Security exploit found in Internet Explorer
Over the weekend a vulnerability was found in Internet Explorer and is serious enough that the Department of Homeland Security has advised users of Internet Explorer versions 6-11 to stop using it until a security patch is developed.
From the US-CERT (United States Computer Emergency Readiness Team) website:
“US-CERT is aware of active exploitation of a use-after-free vulnerability in Microsoft Internet Explorer. This vulnerability affects IE versions 6 through 11 and could allow unauthorized remote code execution.”
“US-CERT recommends that users and administrators review Microsoft Security Advisory 2963983 for mitigation actions and workarounds. Those who cannot follow Microsoft’s recommendations, such as Windows XP users, may consider employing an alternate browser.”
Internet Explorer for XP users most likely will not be getting the security update.
Microsoft officially stopped supporting Windows XP earlier this month which puts XP users at an even higher risk. If you are still using Windows XP it is highly recommended that you upgrade your operating system to at least Windows 7. Even then, until there is a patch that fixes this security bug, you should also install a different web browser.
What to do now?
While the bug can potentially affect users of IE 6-11, it is currently targeting IE 9-10 according to Fireeye, the security company the discovered the flaw. Also, the bug relies on Adobe Flash so Fireeye says disabling the Flash plugin within IE will prevent the exploit from functioning. If you need to use Ineternet Explorer, at least disable Flash. Security while you’re online is an extremely important thing to remember. That is another reason Google Chrome is our favorite web browser and why we recommend you download a different browser.
UPDATE 5/1/14
Microsoft has released a security update as of 5/1/14 at 10pm PST. If you have Automatic Update enabled, you do not need to take any action. Your browser will receive the update automatically. If you don’t have Automatic Update enabled, now is a good time to enable it; otherwise you should go in and manually run the update to make sure your browser is secure.

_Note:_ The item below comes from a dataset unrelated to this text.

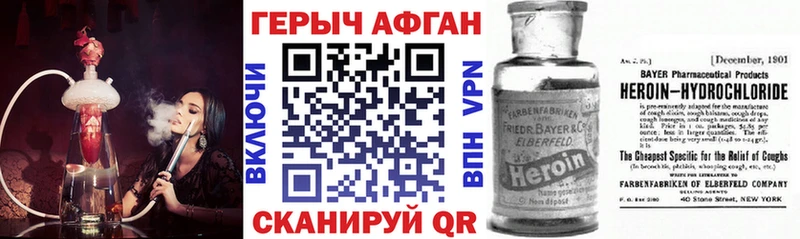Героин Heroin  Вологда 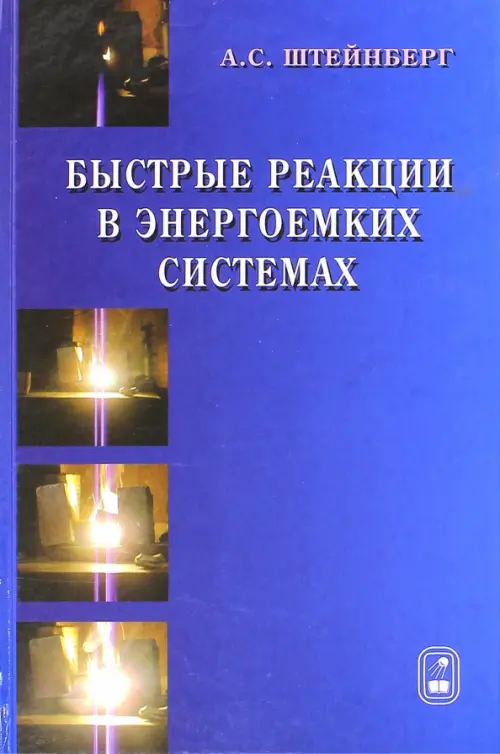 Быстрые реакции в энергоемких системах. Высокотемпературное разложение ракетных топлив и взрывчатых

Good news for Windows XP users too. Even though support has officially ended for Windows XP, they have included it in this security update.
From the company’s TechNet blog:
“We have made the decision to issue a security update for Windows XP users. Windows XP is no longer supported by Microsoft, and we continue to encourage customers to migrate to a modern operating system, such as Windows 7 or 8.1. Additionally, customers are encouraged to upgrade to the latest version of Internet Explorer, IE 11.”